‘Gay conversion’ and the church

As a person of Christian faith, I welcome the bill prohibiting so-called ‘gay conversion’ practices currently before our state parliament. As a pastoral leader within the church, I believe the legislation’s intent is good and worthy of our support.

In my view, this bill’s determination is important to all people of faith, not just those it is designed to protect. It speaks to one of the central values of the Christian tradition: the worth of all humankind. Each one of us, regardless of age, colour, nationality, gender, ability or sexuality, is uniquely and wonderfully made in the image of God. The invitation of the gospel — so beautifully embodied in the Christmas story — is God’s call to live into the fullness of the life we’ve been given in Christ, whatever shape it takes.  

Of course, within the church we hold a diversity of views on this, many of which have been shared publically in recent weeks. While I disagree with some of those views, I am more grieved by our approach to the debate and the level of self-interest too much of it betrays. 

I grieve the fact that we appear to be more energised by a perceived threat to our own rights and freedoms to do and say whatever we choose, and seem to have comparatively slight regard for the rights and flourishing of one of the most vulnerable segments of our community. Surely standing on the side of the wounded is where we must begin the conversation. 

I grieve the speed with which we move to the alarmist ‘consequences’ of legislation like this rather than deal with the legislation’s central intent. We did it with the marriage equality debate and we are doing it again now. It is so much easier to point away from the issue than to deal with it honestly. Surely we owe more respect to the integrity and wellbeing of the LGBTQI community than this.
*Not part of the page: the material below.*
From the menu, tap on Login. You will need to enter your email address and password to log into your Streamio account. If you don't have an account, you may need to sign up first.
I grieve our apparent failure to comprehend the damage we have done that has led to legislation like this; indeed, the damage we have done to members of our own congregations whose sexual identity is different to that of the majority. This damage is perpetrated not only by extreme conversion therapies — therapies we now conveniently distance ourselves from — but by our longstanding proclamation that those of different sexual identities are damaged goods and will never know the fullness of life unless they suppress their most natural and God-given selves and ‘convert’ to something entirely different.  
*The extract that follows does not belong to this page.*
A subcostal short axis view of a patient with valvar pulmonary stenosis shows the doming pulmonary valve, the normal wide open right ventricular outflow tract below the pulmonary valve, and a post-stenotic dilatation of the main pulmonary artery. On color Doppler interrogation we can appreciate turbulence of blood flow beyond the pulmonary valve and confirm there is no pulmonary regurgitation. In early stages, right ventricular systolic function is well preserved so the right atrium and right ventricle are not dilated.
I grieve our inability to listen to the stories of countless men and women — those broken not by their discovery of who they really are, but by the relentless messaging of the church that who they are is dysfunctional and must be denied. We claim to listen, but too often we do so only to correct. We listen to set others straight but rarely to understand. To understand is to know that we are complicit in the brokenness they experience. We in the church can quickly demonise a bill like this one only because we have so little understanding of where it comes from and the tragic reality it seeks to address. 

Finally, I grieve the absence of a more considered conversation on the nature of prayer itself. The fear that this legislation will intrude upon our freedom to pray for the burdened and the broken in a particular way assumes that, in regard to the unique story and pain of the one we pray for, we already know the mind of God. The outcome we seek is pre-determined. Surely there is more to the sacred ministry of prayer than that.
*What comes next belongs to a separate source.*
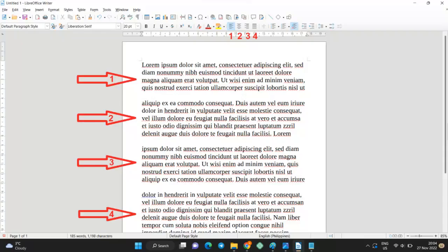We will align the text in four paragraphs in four different ways. Click somewhere into the first paragraph, then click on the icon with the same number as the arrow. The text in the first paragraph will be left aligned.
I support this bill and I encourage other people of faith to do the same. But more than that, I hope those of us within the Christian church will engage in this debate with a good deal more humility and with more concern for the interests of those most vulnerable than for any rights of our own.


  1. I completely agree. As I said to the synod of the diocese of Melbourne a couple of years ago, we should not need the government to tell us not to harm people; and when it does, we should have no trouble accepting that law!

  2. Hi Simon
    I’d welcome a conversation with you about this. I think you have to be careful with the notion that if the intent is good, then good legislation will follow. My reading of the bill is that prayer can be a supression practice regardless of consent (even prayer which is well intended, reasonable action vs nutty crackpot action). The bill is not considered or nuanced in my view. I also note its rare for an act of legislation to use language which is so…unlegislative!
    Happy to touch base

    1. Hi Margie, thanks for you comment. Always glad to talk. I’ve read the legislation too, along with the attached explanatory memos, and I don’t quite see the same problems as you do. While I’m sure it’s not perfect, it seems to get the balance right from my perspective. I think we people of faith need to ask some questions of ourselves about the nature of prayer and the underlying assumptions we bring to our ministries of care. I realise these are difficult issues, but I have been responding to the brokenness and trauma in those impacted by misunderstandings on the two issues for a long time, and I only know the harm is real.